Sebuah
hadits yang bisa kita renungkan hari ini adalah hadits yang berisi penjelasan
mengenai kewajiban sedekah seluruh persendian. Dan sedekah ini bisa digantikan
dengan shalat Dhuha. Semoga bermanfaat.
Dari Abu
Hurairah radhiyallahu ‘anhu, ia berkata, Rasulullah shallallahu
‘alaihi wa sallam bersabda,
كُلُّ سُلاَمَى مِنَ النَّاسِ عَلَيْهِ صَدَقَةٌ كُلَّ يَوْمٍ تَطْلُعُ فِيْهِ الشَّمْسُ، تَعْدِلُ بَيْنَ اثْنَيْنِ صَدَقَةٌ، وَتُعِيْنُ الرَّجُلَ فِي دَابَّتِهِ فَتَحْمِلُهُ عَلَيْهَا أَوْ تَرْفَعُ لَهُ عَلَيْهَا مَتَاعَهُ صَدَقَةٌ، وَالْكَلِمَةُ الطَّيِّبَةُ صَدَقَةٌ، وَبِكُلِّ خُطْوَةٍ تََمْشِيْهَا إِلَى الصَّلاَةِ صَدَقَةٌ، وَتُمِيْطُ الأَذَى عَنِ الطَّرِيْقِ صَدَقَةٌ
“Setiap
persendian manusia diwajibkan untuk bersedakah setiap harinya mulai matahari
terbit. Memisahkan (menyelesaikan perkara) antara dua orang (yang berselisih)
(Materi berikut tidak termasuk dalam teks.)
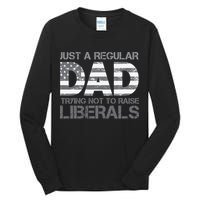 Just A Regular Dad Trying Not To Raise Liberals Father's Day Tall Long Sleeve T-Shirt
adalah sedekah. Menolong seseorang naik ke atas kendaraannya atau mengangkat
barang-barangnya ke atas kendaraannya adalah sedekah. Berkata yang baik juga
termasuk sedekah. Begitu pula setiap langkah berjalan untuk menunaikan shalat
adalah sedekah. Serta menyingkirkan suatu rintangan dari jalan adalah shadaqah ”.
[HR. Bukhari dan Muslim]
PENJELASAN
HADITS
(سُلاَمَى) bermakna persendian. Ada
juga yang mengatakan bahwa maknanya adalah tulang. Ibnu Daqiq Al ‘Ied
mengatakan bahwa (سُلاَمَى) adalah persendian dan
anggota badan.
Dinukil oleh
Ibnu Daqiq Al ‘Ied bahwa Al Qadhi ‘Iyadh (seorang ulama besar Syafi’iyyah)
berkata, “Pada asalnya kata (سُلاَمَى) bermakna tulang telapak tangan, tulang
jari-jari dan tulang kaki. Kemudian kata tersebut digunakan untuk tulang
lainnya dan juga persendian”.
Terdapat
hadits dalam shohih Muslim bahwa tubuh kita ini memiliki 360 persendian. Di
mana Rasulullahshallallahu ‘alaihi wa sallam bersabda,
إِنَّهُ خُلِقَ كُلُّ
إِنْسَانٍ مِنْ بَنِى آدَمَ عَلَى سِتِّينَ وَثَلاَثِمَائَةِ مَفْصِلٍ
“Sesungguhnya
setiap manusia keturunan Adam diciptakan memiliki 360 persendian.” (HR.
Muslim no. 2377)
Inilah yang
terdapat dalam hadits Rasulullah shallallahu ‘alaihi wa sallam.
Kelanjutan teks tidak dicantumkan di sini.